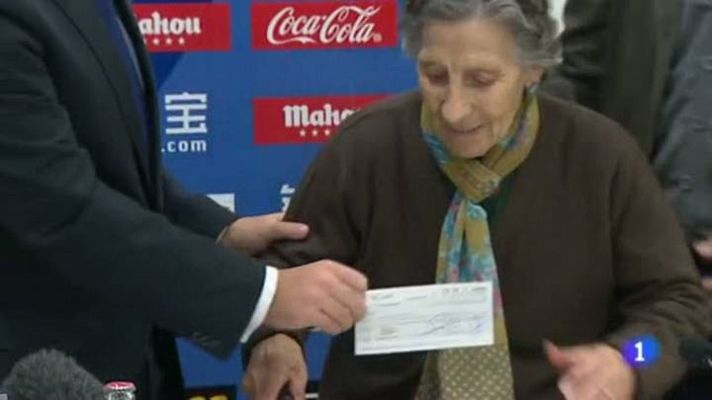Telediario 1 - Carmen, la anciana desahuciada, compartirá su cheque con Wilfred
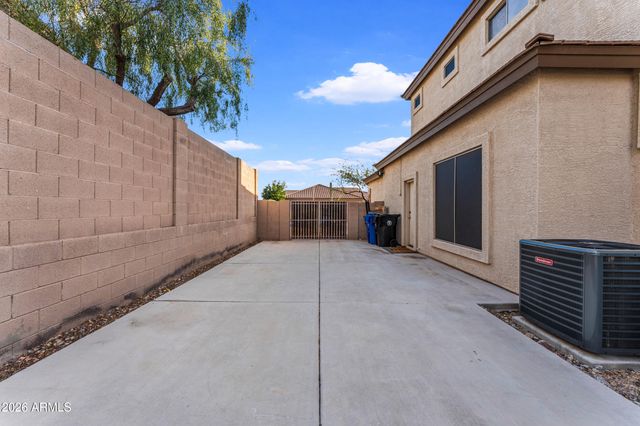 8148 E SIENNA Street, Mesa, AZ 85207
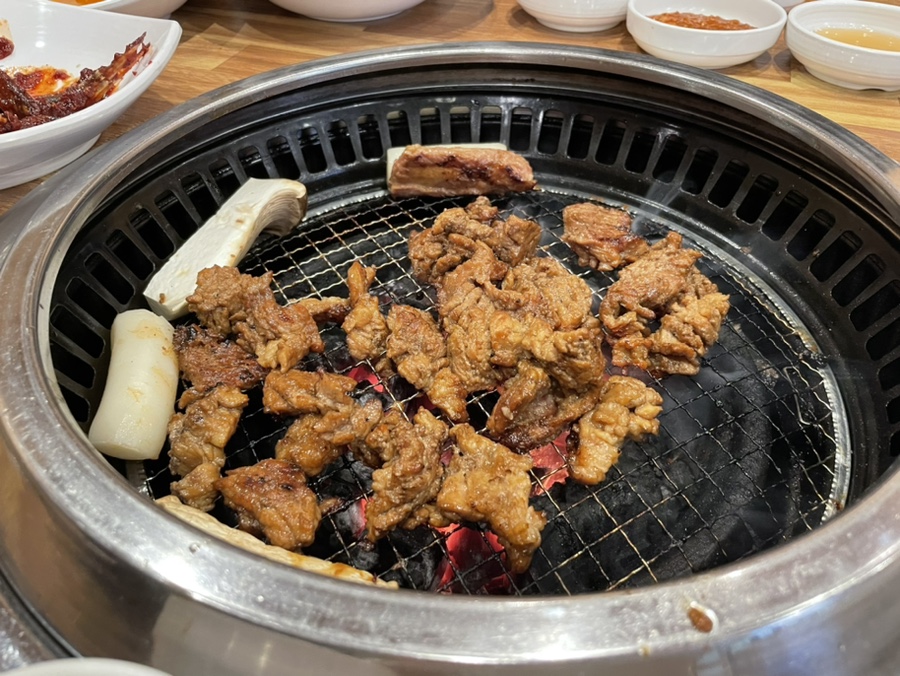 솔가숯불갈비 이미지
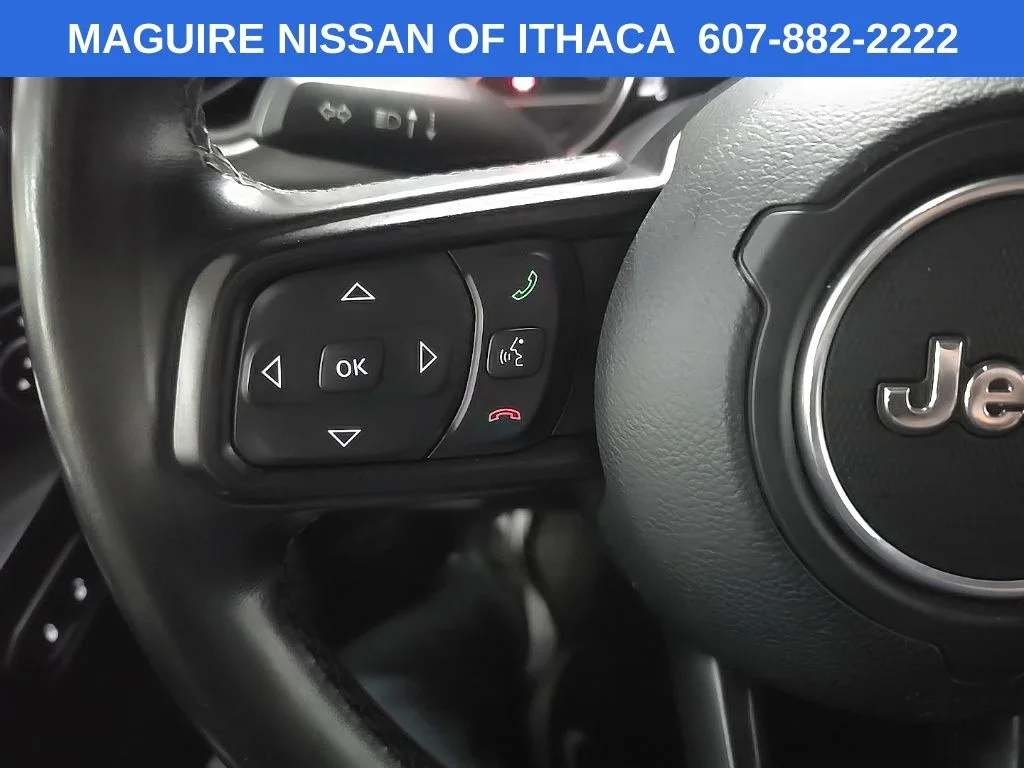 Used 2019 Gray Jeep Sport S image 18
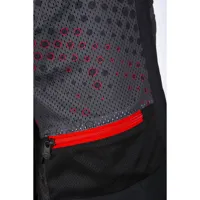 4061-001_Black - Fiery Red_17 (17)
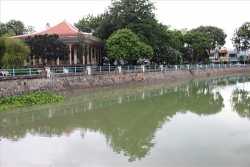 gieng nuoc sieu to khong lo tram tuoi o thanh pho co xua nhat mien tay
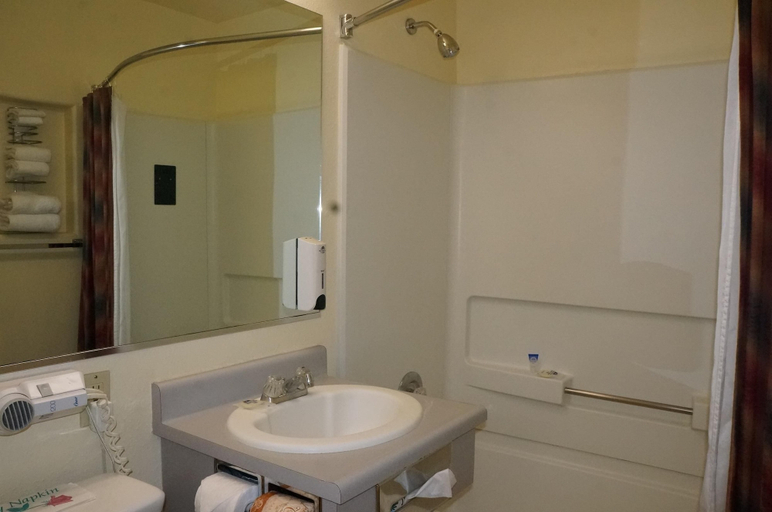 Bathroom 4, Oroville Value Suites, Butte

* [What you are asked to do]: Exactly as written, reproduce the lines from the one containing "gieng nuoc sieu" through the last line of the entries above, and leave every picture out.

* [Written response]:
 gieng nuoc sieu to khong lo tram tuoi o thanh pho co xua nhat mien tay
 Bathroom 4, Oroville Value Suites, Butte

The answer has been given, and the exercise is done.